The second installment of Stieg Larsson’s Millennium trilogy, The Girl Who Played with Fire ups the pace from the first film, creating for the most part a more immediately engrossing thriller, but one with more flaws than its predecessor.

Journalist Mikael is investigating a sex-trafficking ring when three people connected with the case are murdered. Computer hacker Lisbeth is accused of the murders and, with Mikael’s help, must clear her name by finding the real culprit…

The main drawback with The Girl With the Dragon Tattoo was that it took too long to really get going. The Girl Who Played with Fire doesn’t suffer with this affliction, and is more instantly engaging because of this. Furthermore, some of the mysteries of Lisbeth’s past (introduced in the first film) are revealed in this installment, making it more satisfying to this end.

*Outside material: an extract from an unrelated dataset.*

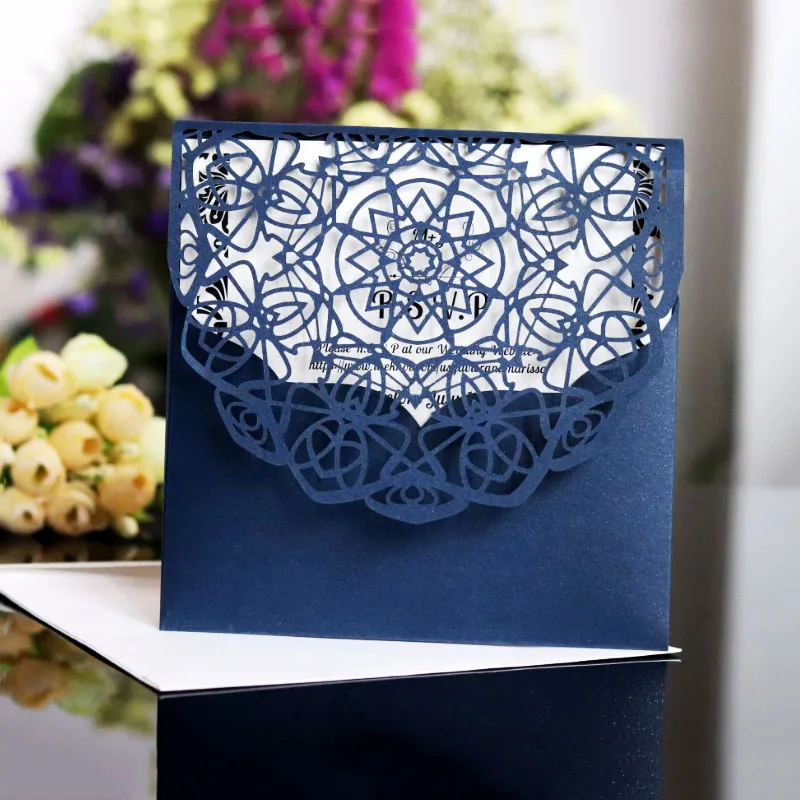 50Pcs/lot Laser Cut Wedding Invitations Cards Romantic Wedding Bridal Shower Gift Greeting Card Kits Event Party Supplies Decor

With much of the character development taking place in the first installment, director Daniel Alfredson is free to concentrate on the action of the case itself. It is just a shame that the mystery in this film isn’t as interesting as the case in the first film. The missing teen and the family empire of The Girl With the Dragon Tattoo presented a more fascinating series of events than this case of a trafficking ring, which is never really investigated in any depth. Instead, the plot shifts to clearing the name of Lisbeth, which entails more action but less investigation.

The Girl Who Played with Fire presents a very clear depiction of women as victims and the perpetrators of crimes as solely male. Whilst Lisbeth may not be a typical heroine, she appears to fit in with the other main female characters in that she is a victim of violence. This rather primitive representation of genders detracts from the mystery aspect of the crimes, in both installments of the trilogy.

As with the first film, The Girl Who Played with Fire builds the tension to the climactic sequence. Although the climax is exciting, it also lacks credibility. Whilst the film has an overall basis in reality, events in the final scenes betray this with an absence of believability.

Casting for the American adaptation of Larsson’s books has recently been announced. It will be interesting to see how closely they resemble this Swedish attempt.